Nous sommes tous conscients, en observant une image ainsi réalisée, qu'elle a fait partie d'un réel qu'on ne voit pas mais que la conscience que nous en avons rend présent. Bazin conçoit la photographie comme objective. On peut dire que l'image photographique est centrifuge: son contenu tend à s'extérioriser hors de ses limites par une relation directe avec le non-vu, le hors-champ. Ainsi, plus l'aspect fragmentaire de la photographie est réduit, mieux elle s'intègre dans l'environnement; Bazin critique les images trop fragmentaires.

Bazin évoque l'aspect centripète de la peinture, notion que l'on retrouve également chez Greenberg. Il y a aussi notion de cadrage par exemple dans le cas du tableau de chevalet, "il découpe dans le mur qui le supporte l'illusion d'une cavité cubique". En évoquant le travail du peintre Gorky, Greenberg souligne cette action car "il commençait à vouloir échapper au cadre - au rectangle fermé de la toile". Cette contrainte du cadre marque l'aspect centripète du tableau, il y a condensation de la vision directement dans l'oeuvre. C'est la résistance de nombreux peintres vis-à-vis de cette prison du cadre, de cet aspect fragmentaire de la peinture qui va déboucher sur les tendances de l'expressionnisme abstrait, en particulier avec l'école de New~York à laquelle Greenberg s'intéressera beaucoup.

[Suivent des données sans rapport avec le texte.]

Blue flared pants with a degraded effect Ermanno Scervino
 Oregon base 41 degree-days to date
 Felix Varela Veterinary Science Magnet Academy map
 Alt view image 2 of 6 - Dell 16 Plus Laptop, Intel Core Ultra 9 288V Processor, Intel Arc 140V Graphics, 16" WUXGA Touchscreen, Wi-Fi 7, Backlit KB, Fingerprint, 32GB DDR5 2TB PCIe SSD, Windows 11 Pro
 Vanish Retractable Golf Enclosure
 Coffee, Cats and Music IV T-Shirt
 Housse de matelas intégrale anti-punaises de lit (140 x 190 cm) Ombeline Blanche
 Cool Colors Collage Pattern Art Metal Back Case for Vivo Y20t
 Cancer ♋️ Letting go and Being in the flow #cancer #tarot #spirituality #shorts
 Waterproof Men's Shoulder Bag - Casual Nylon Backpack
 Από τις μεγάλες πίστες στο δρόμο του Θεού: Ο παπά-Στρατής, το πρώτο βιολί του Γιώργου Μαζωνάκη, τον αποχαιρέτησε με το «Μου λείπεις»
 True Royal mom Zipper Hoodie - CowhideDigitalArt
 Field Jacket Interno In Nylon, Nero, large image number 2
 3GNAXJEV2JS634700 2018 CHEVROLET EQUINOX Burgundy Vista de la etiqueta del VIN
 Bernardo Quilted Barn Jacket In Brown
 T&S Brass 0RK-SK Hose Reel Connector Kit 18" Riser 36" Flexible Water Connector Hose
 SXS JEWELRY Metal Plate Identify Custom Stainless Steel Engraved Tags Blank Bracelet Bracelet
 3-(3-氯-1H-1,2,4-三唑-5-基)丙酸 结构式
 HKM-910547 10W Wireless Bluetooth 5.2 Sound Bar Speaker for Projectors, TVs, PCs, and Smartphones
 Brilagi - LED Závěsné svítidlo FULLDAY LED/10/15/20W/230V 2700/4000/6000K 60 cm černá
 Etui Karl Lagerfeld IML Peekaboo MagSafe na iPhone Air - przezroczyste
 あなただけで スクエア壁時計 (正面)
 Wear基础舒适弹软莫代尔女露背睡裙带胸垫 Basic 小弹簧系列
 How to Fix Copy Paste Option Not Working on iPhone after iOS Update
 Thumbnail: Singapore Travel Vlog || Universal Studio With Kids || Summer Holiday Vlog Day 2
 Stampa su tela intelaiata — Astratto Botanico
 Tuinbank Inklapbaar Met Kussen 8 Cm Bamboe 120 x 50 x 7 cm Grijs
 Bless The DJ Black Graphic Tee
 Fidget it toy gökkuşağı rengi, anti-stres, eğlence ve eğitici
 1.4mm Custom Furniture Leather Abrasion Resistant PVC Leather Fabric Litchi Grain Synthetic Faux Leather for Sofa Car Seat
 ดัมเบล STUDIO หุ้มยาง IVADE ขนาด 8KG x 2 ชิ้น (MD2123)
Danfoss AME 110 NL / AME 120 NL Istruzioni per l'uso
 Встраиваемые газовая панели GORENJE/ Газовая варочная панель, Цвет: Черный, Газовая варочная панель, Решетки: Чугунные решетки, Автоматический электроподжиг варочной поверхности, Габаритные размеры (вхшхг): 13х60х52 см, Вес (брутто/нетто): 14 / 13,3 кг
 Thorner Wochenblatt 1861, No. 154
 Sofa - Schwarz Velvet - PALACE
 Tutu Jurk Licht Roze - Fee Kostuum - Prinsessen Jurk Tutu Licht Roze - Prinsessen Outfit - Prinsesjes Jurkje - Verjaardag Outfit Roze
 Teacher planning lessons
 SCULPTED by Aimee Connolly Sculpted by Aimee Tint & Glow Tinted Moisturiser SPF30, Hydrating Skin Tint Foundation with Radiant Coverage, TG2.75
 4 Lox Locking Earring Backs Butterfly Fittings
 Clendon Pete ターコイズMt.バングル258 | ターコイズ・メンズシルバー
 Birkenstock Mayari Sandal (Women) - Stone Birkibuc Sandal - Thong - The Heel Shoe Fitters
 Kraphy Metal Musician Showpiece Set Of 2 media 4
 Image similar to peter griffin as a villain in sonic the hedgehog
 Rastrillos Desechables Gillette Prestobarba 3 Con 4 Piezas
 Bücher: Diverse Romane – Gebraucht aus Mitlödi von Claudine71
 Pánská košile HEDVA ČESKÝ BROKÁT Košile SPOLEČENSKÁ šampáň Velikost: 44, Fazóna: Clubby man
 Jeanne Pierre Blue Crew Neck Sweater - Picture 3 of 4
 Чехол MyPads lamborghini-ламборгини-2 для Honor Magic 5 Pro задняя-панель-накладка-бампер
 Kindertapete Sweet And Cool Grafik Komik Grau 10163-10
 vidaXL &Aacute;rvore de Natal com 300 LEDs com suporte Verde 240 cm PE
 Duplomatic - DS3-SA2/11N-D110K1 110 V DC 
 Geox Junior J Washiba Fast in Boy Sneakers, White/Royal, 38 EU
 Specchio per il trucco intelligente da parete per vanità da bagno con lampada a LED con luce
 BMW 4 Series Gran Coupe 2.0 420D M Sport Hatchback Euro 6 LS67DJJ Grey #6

Le all-over va être la principale réaction, c'est cette manière de peindre qui va rendre le tableau centrifuge. Greenberg définit le all-over comme étant des peintures "couvertes d'un bord à l'autre par des motifs identiques espacés régulièrement comme le dessin d'un papier peint qui suggère ainsi la possibilité de répéter à l'infini". Il situe Gorky comme étant le premier à exposer cette pratique, en 1944. Mais il s'attachera surtout à l'oeuvre de Jackson Pollock.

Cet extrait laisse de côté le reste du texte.